Editorial — Get rid of carbon trust

Folding the Pacific Carbon Trust into the ministry of environment doesn't go far enough. The trust should be scrapped.

The first move in the provincial government’s core review, designed to reduce overall government costs, targets the Pacific Carbon Trust. But it doesn’t go nearly far enough.

The government is planning to move the trust into the ministry of environment, and reduce its staff and administrative costs. It would be far better to eliminate it.

Bill Bennett, the minister responsible for the review, says the move will save $5.6 million annually by 2015-16. The carbon trust’s staff will be reduced to five from 18.

Unfortunately, the government is still spinning the half-truth that the Pacific Carbon Trust is actually reducing carbon emissions. All it really does is boost the cost of government projects and initiatives. New schools, for exaple, cost more because all government agencies are required to buy carbon offsets so that the province can claim that it is totally carbon neutral.

The offsets it buys, at $25 per tonne, are purchased from the private sector — usually from large carbon emitters (such as Encana, a natural gas producer) to build projects that reduce the amount of carbon they emit. What is left unsaid is that most of these projects would likely be built anyway. The only concrete accomplishment of these forced offset purchases, all of which are paid for by taxpayers, is that they may speed up the timetable of some projects.

NDP leader Adrian Dix, who fumbled on a number of occasions during the provincial election campaign, was strikingly clear on the Pacific Carbon Trust. He would eliminate it. He made this case, even as he was trying to appeal to more Green-minded voters on southern Vancouver Island, where the Green Party is strongest and where the party actually elected an MLA, Andrew Weaver in Oak Bay-Gordon Head.
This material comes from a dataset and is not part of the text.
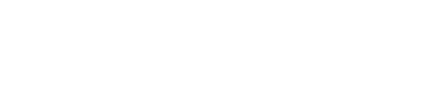 Logo: Visit the Newcastle-under-Lyme Borough Council home page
The current BC Liberal government continues to mouth platitudes about carbon reduction, even as it proposes a number of LNG plants that would certainly boost the amount of carbon emitted in B.C. However, if the plants are built and natural gas begins to replace coal as the source of electricity in countries like China, worldwide carbon emissions will decrease.

That type of effort towards reducing carbon is far superior to the smoke and mirrors of the Pacific Carbon Trust.